Staff at SA's only no-fee university, Cida City Campus, have urgently approached the High Court to ensure that the university - whose registration was cancelled in November by the Department of Higher Education because of its dire financial situation - can get back on its feet.
Students at the Cida City Campus in Lyndhurst, Johannesburg. Photo: Sowetan.
Students at the Cida City Campus in Lyndhurst, Johannesburg. Photo: Sowetan.

The university, initially funded entirely through charitable donations, was once viewed as a groundbreaking model for free tertiary education.

It started running into financial difficulties, and in 2012 was placed in business rescue and then in provisional liquidation last year.

According to court papers, it is almost R42m in the red.

The 56 staff members who have gone to court are among the university's creditors and are owed about R8m in unpaid salaries. They say there is an offer on the table that would keep the university going, and also put it on a sounder financial footing. Yet, inexplicably - they claim in court papers - the university's liquidators have declined the offer, on the basis that it was subject to too many conditions. One of the liquidators, Johannes Muller, said they would respond in court papers.

The staff members have asked the court to order the liquidators to urgently convene a meeting of creditors to "consider and vote on" any offers to buy the institution - in particular the offer by Africa Integras, a company specialising in developing African educational infrastructure.

On behalf of the staff, Daniel Mncube said the Africa Integras offer would allow the university to continue "to operate ... with the spirit and purpose for which it was created".

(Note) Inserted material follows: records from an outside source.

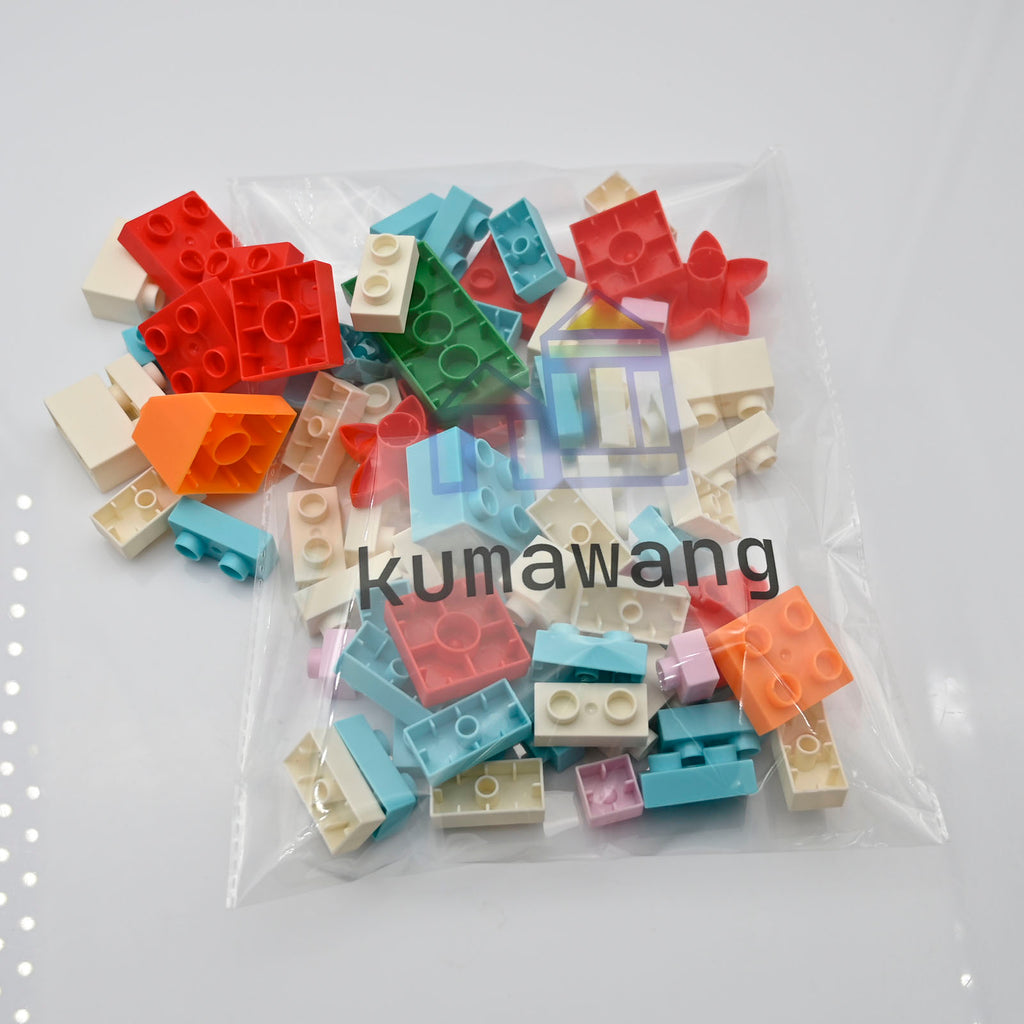 kumawang High-quality Plastic Puzzle Toy Building Blocks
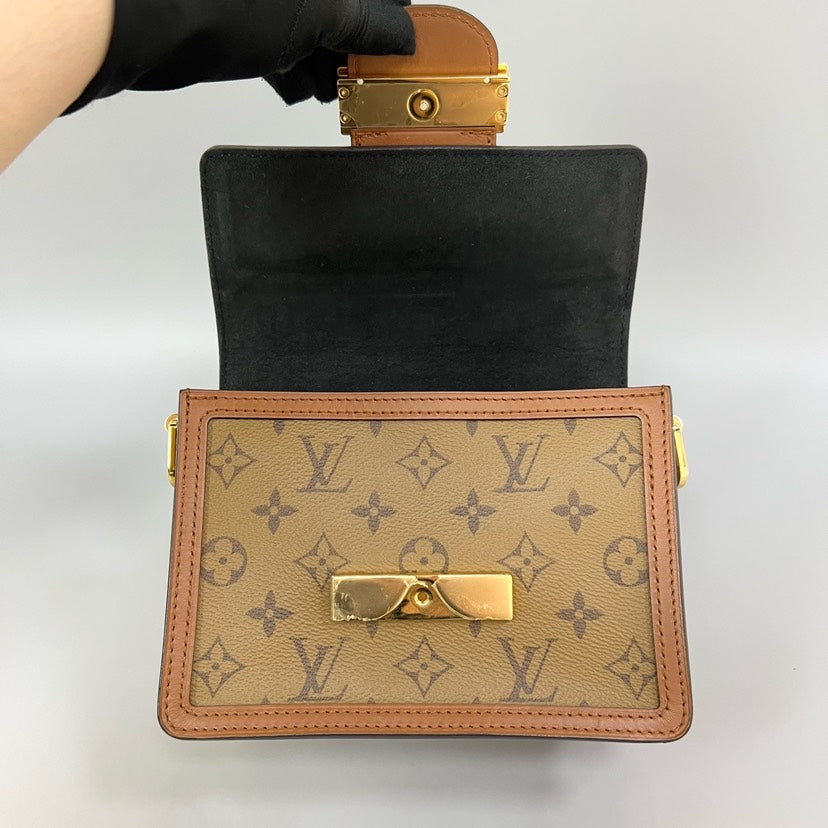 Louis Vuitton Dauphine Small Bag 2019year 20*15*9cm XJ11008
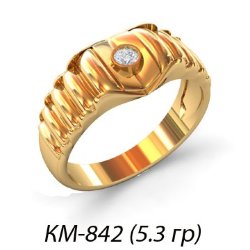 КМ-842 Восковка кольцо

In an affidavit, Lord Joel Joffe - chairman of the Joffe Charitable Trust, another of the university's creditors - said the trust had applied only for provisional liquidation "in desperation", after hearing that teachers had gone without their salaries for three months.

The idea was to ensure the institution would be restructured to run on "sound financial principles for the benefit of its students, future generations of students, and its staff" - not to close it down, Lord Joffe said.

Mncube said: "We believe the liquidators are not acting in the best interest of the staff, the students or the public by refusing to... negotiate with Africa Integras", and that they had breached the constitutional right to education and the Companies Act.

Instead they had acted in "an increasingly uncompromising and obstructive manner", appearing to favour selling off Cida's "considerable" assets. Mncube said it was standard business practice for deals of this nature to be subject to suspensive conditions.

"The failure of experienced liquidators to comprehend this is difficult to understand."

He said if the university were to shut down, its creditors would have to bear the cost of finding alternative educational arrangements for its students.

Lord Joffe - one of Nelson Mandela's attorneys during the Rivonia trial - said Africa Integras's offer was a "convincing proposal". It included significant financial support from a group of prominent international and local financiers.

Lord Joffe said he was not sure why the liquidators had taken the actions they did. But he suspected there was "personal animus" against Africa Integras's MD Andrea Pizziconi and the company's team.